She heard Faith swear, then say, distantly,
“Hold on, Elite Fourteen. I’m sending rescue.”
“No need,” she whispered as she heard footsteps behind her. “Just tell the Prime . . .”
Faith kept talking, telling her to hold on, that help was coming, but she barely heard. Someone seized her by the arm and dragged her backward, away from the shelter of the Dumpster, the Second’s voice fading to a tinny murmur, suddenly silenced.
Five
Miranda went into raptures over the library. It was larger than her bedroom, the walls lined with shelves from floor to ceiling, and even had ladders. It reminded her strongly of the library at the university, where she’d spent hours leafing through books, inhaling the musty smell of aged paper, puzzling over indecipherable tomes like
Les Miserables
in the original French.
It had been a long time since she’d simply sat down and read a book. Reading relaxed her too much, and relaxing, without a barrier of alcohol between her and the world, spelled trouble.
Her fingers traced the spines of classics, contemporary novels, and nonfiction in at least eight different languages. She’d thought the Prime’s bedroom had a lot of books, but here were at least ten times that many. Given what he’d told her about the Haven, she wondered how many of these he had brought with him, and how many had been here as long as the building had stood.
Miranda pulled a yellowed copy of Shakespeare’s comedies from the shelf and sought one of the window seats, grateful just to lose herself for a while in something that had a happy ending.
She handled the paper carefully, afraid it might crumble, and read aloud to herself, her quiet voice echoing in the silent room, punctuated with the sound of turning pages.
“ ‘I pray thee now tell me, for which of my bad parts didst thou first fall in love with me?
“‘For them all together, which maintained so politic a state of evil that they will not admit any good part to intermingle with them. But for which of my good parts did you first suffer love for me?’ ”
A voice came from the door, and though she wasn’t expecting it, for some reason she didn’t start.
“ ‘Suffer love!—a good epithet. I do suffer love indeed, for I love thee against my will.’ ”
Miranda looked up and smiled, continuing, “ ‘ In spite of your heart, I think. Alas, poor heart! If you spite it for my sake, I will spite it for yours, for I will never love that which my friend hates.’ ”
David smiled back. “ ‘Thou and I are too wise to woo peaceably.’ ”
She closed the book and set it on the cushion, running her hand down the front cover. “This was always my favorite of his plays,” she said. “Melodramatic, full of misunderstandings, but with a hearts-and-flowers finale. I used to pretend I was Beatrice and act out her lines in front of the mirror.”
The smile widened a hair. “Not Hero?”
Miranda chuckled and shook her head. “No way. Hero was shallow and not very bright. She and Claudio would have had a bland life with bland children and a bland dog. Beatrice and Benedick, now
that
was a couple I could get behind. They would have had adventures together.”

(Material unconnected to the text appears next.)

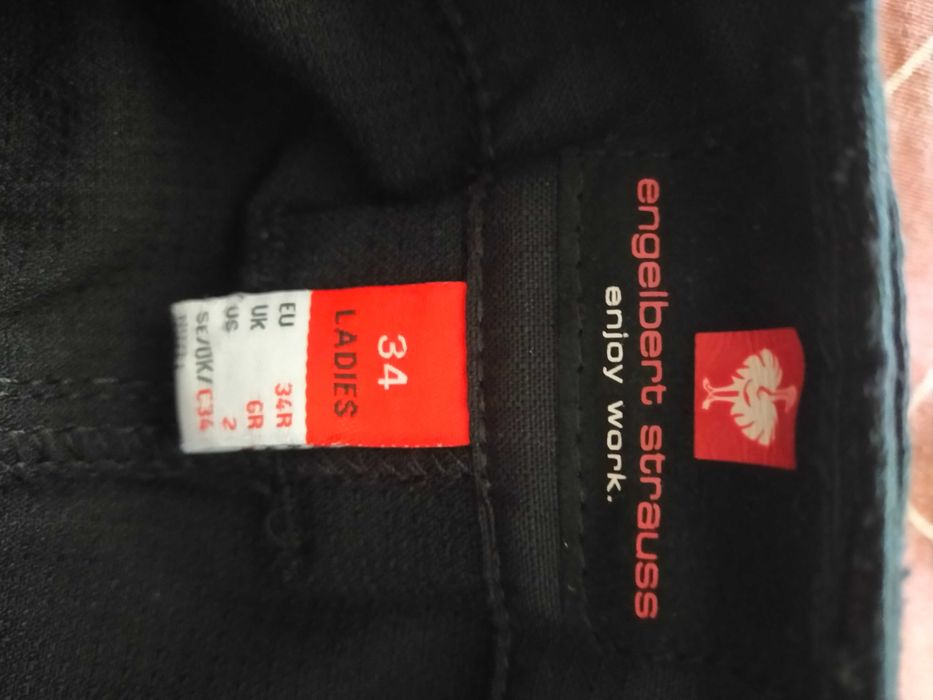 Vând pantaloni ELGEBERT STRAUSS mărimea 34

She noticed that he was dressed more casually than she had seen him before, and didn’t have the coat. He wore actual jeans, faded in that designer way, and a longsleeved dark blue shirt that set off the color of his eyes. The Signet lay glowing between his collarbones, wildly out of place with the rest of his attire.

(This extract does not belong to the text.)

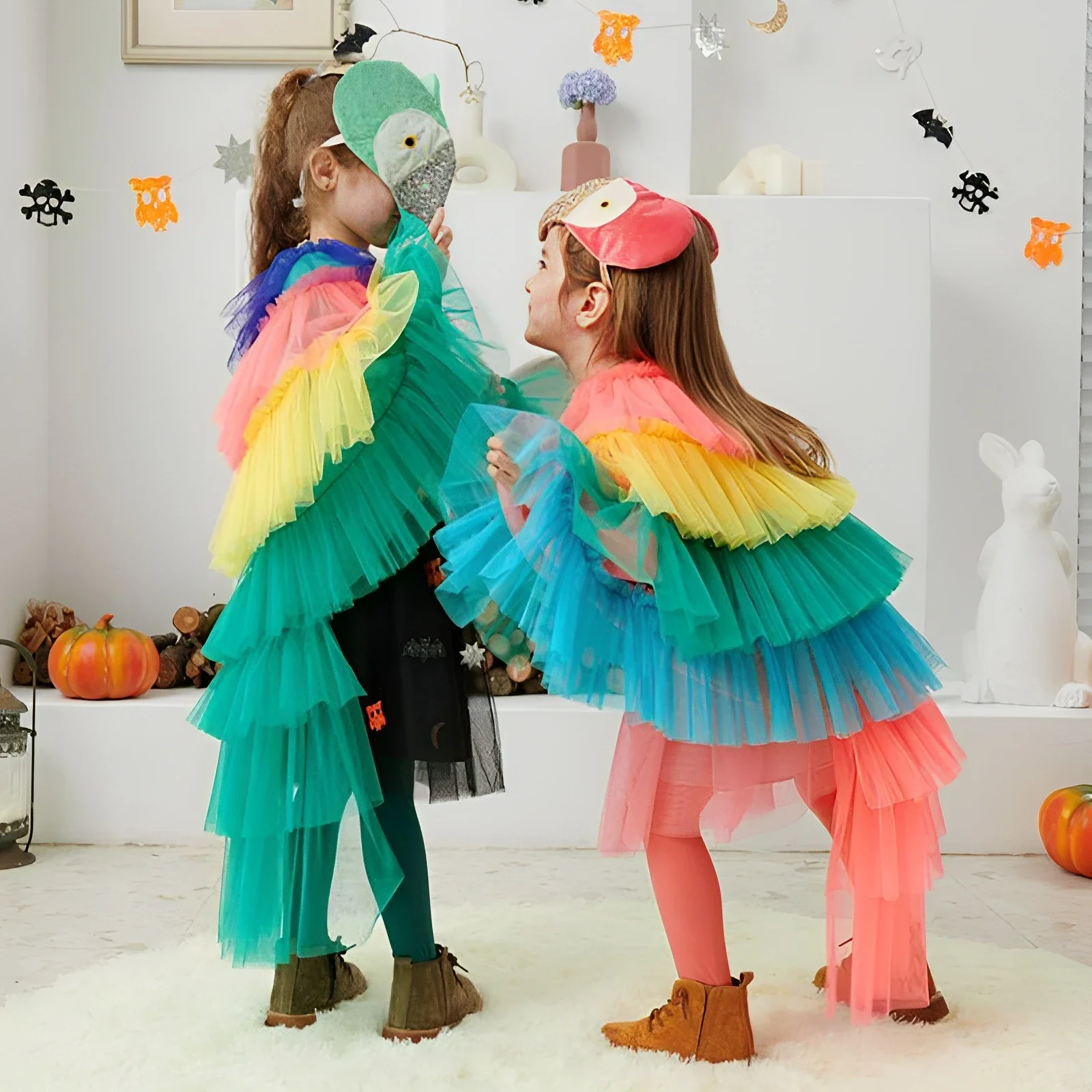 #50 Low Cost Costume Capes That Work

“How are you feeling tonight?” he asked.
She thought about it. She was stiff, and sore, and hadn’t slept well, but she didn’t feel the edge of creeping panic she’d had every night so far. She could deal with being tired and in pain. That’s what drugs were for. “Okay.”
“Good. I’d like to begin your training tonight.”
“Training?”
“Yes. You have to learn to control your gifts.”

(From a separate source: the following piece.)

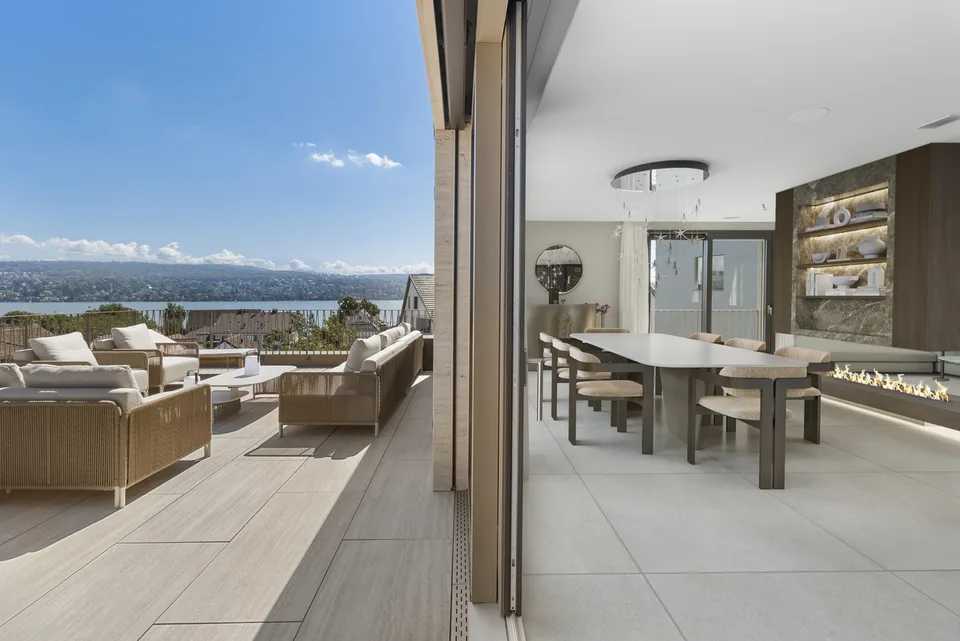Lakeside Grace - Where Architecture Meets Luxury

“And you’re going to teach me.”
“I am.”
The idea of mucking with her “gifts,” which was hardly the word for them, made her deeply uneasy, but he was right. She had to do something. She couldn’t be the servant of her power forever. It would kill her inside a year unless something changed.
Learning to use it wasn’t nearly as scary as the thought of ending up in the County Hospital D ward . . . wasting away with the choir of the damned as her only company. She had been in that place once, seen the vacant stares of the incurable cases, and even then, long before the voices began to penetrate her mind, she could feel the desolation that had soaked those dingy white walls.
“Miranda?”
She shivered and looked up at him again. “Sorry. Okay, let’s do it.”
He frowned, concerned, but didn’t ask the obvious question. “This way, please.”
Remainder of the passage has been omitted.